Activity - Copy every entry below verbatim, except for images.
▬▬▬▬▬▬
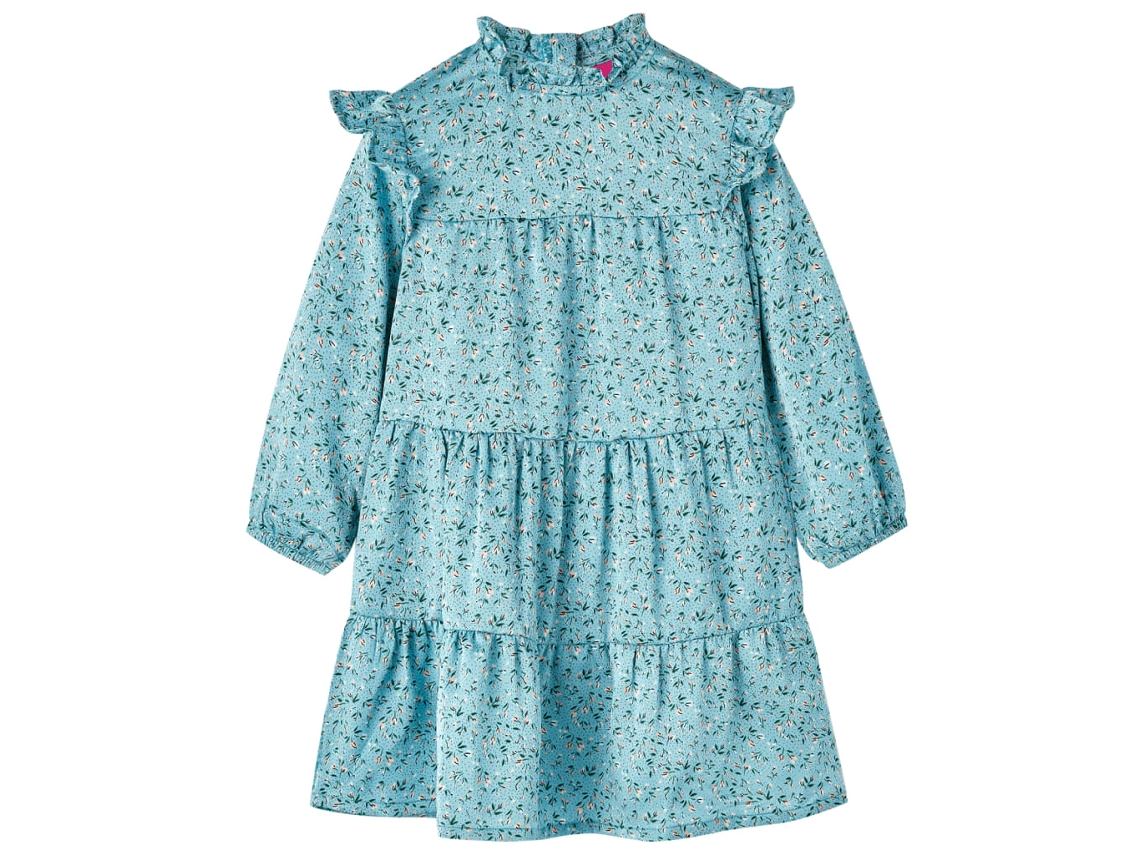 Vestido De Manga Comprida Para Criança Azul 104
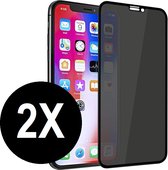 Screenz® - PRIVACY Screenprotector geschikt voor iPhone X/XS/10/ 11 Pro- Tempered glass Screen protector geschikt voor iPhone X/XS/10/11 pro - Privacy Beschermglas - Privé Glasplaatje - 2 stuks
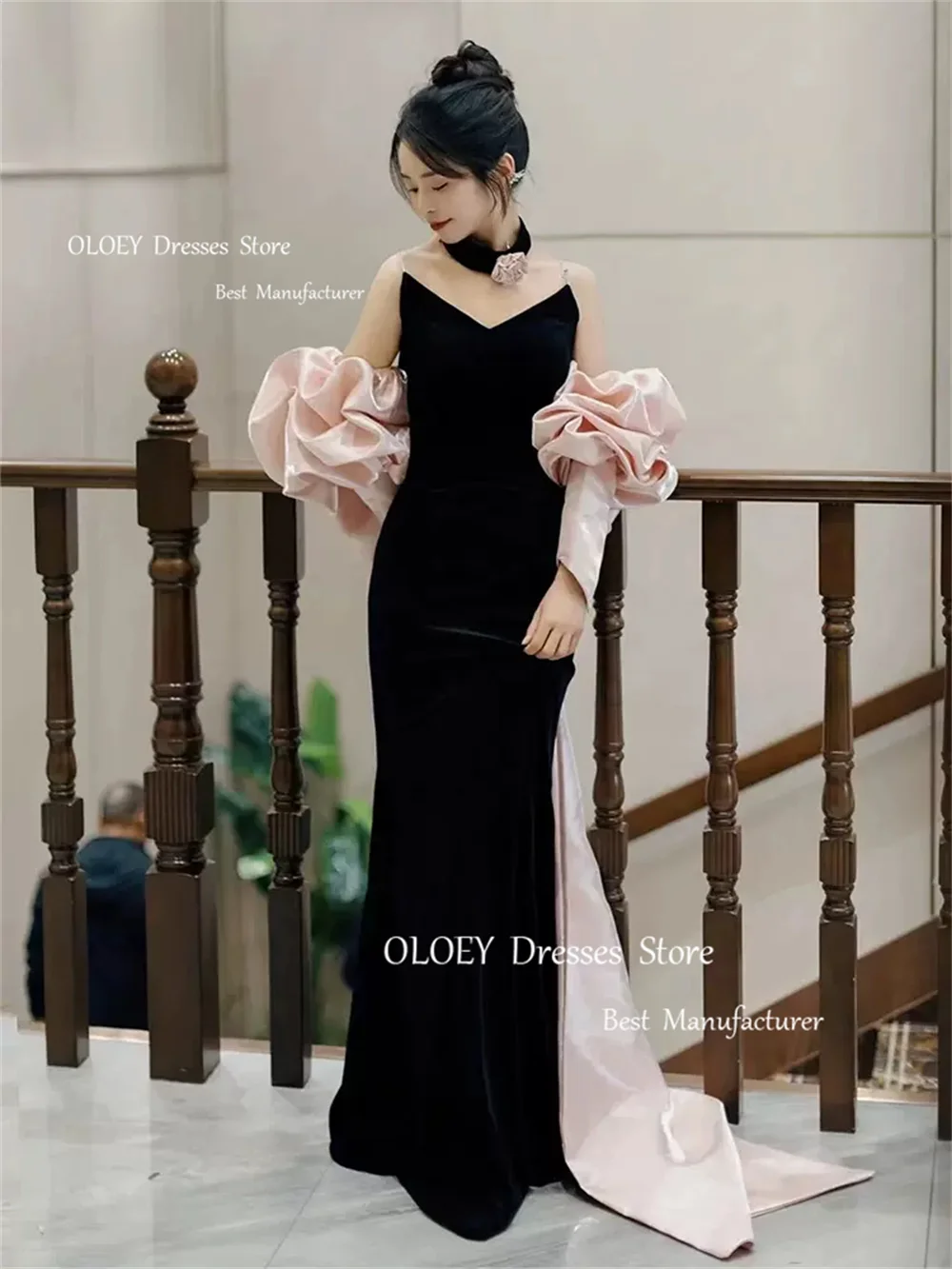 OLOEY Elegant Mermaid Evening Dresses Velour Prom Gowns Spaghetti Straps Photoshot Floor Length Wedding Party Dress Free Custom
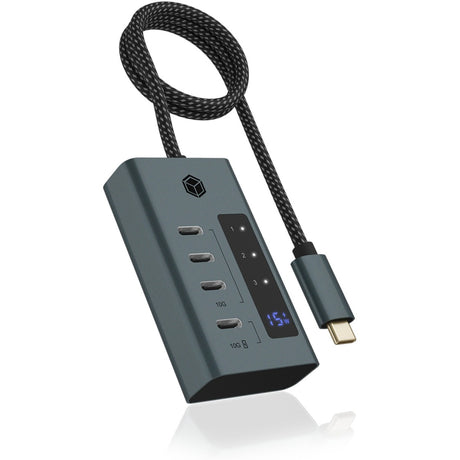 Icy box ib-hub1454-c31 USB-elosztó (szürke kék-szürke, 4x USB-C 3.2 (10 Gbit s))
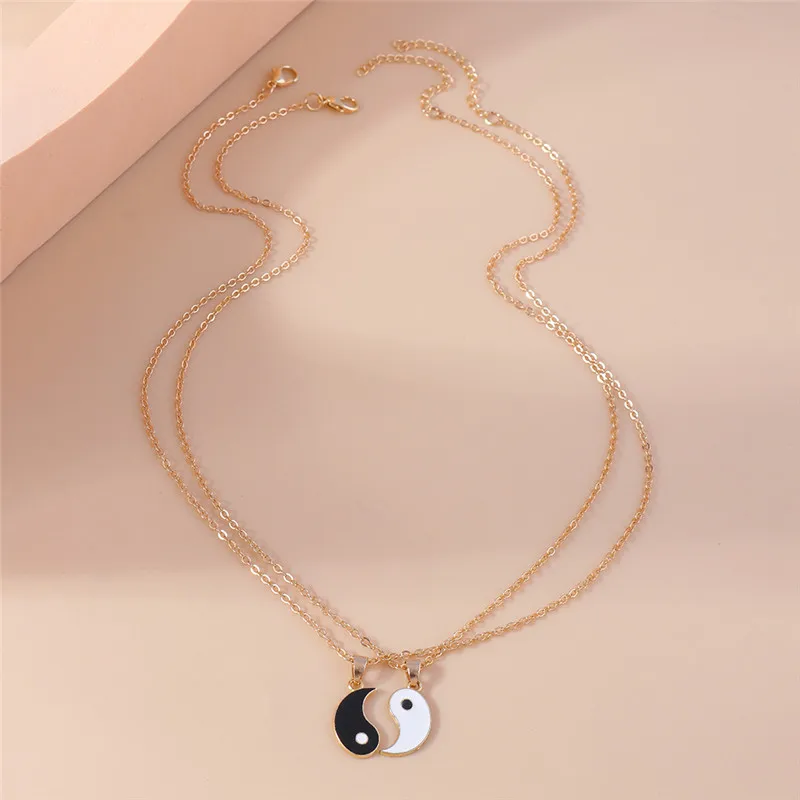 Aihua Hot Sell Smalto Yin Yang Tai Chi Collana per Donne Uomini Regalo di Compleanno Bff Migliori Amici Coppia Collana con Ciondolo Abbinato_voghion.com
▬▬▬▬▬▬
Finished task -
 Vestido De Manga Comprida Para Criança Azul 104
 Screenz® - PRIVACY Screenprotector geschikt voor iPhone X/XS/10/ 11 Pro- Tempered glass Screen protector geschikt voor iPhone X/XS/10/11 pro - Privacy Beschermglas - Privé Glasplaatje - 2 stuks
 OLOEY Elegant Mermaid Evening Dresses Velour Prom Gowns Spaghetti Straps Photoshot Floor Length Wedding Party Dress Free Custom
 Icy box ib-hub1454-c31 USB-elosztó (szürke kék-szürke, 4x USB-C 3.2 (10 Gbit s))
 Aihua Hot Sell Smalto Yin Yang Tai Chi Collana per Donne Uomini Regalo di Compleanno Bff Migliori Amici Coppia Collana con Ciondolo Abbinato_voghion.com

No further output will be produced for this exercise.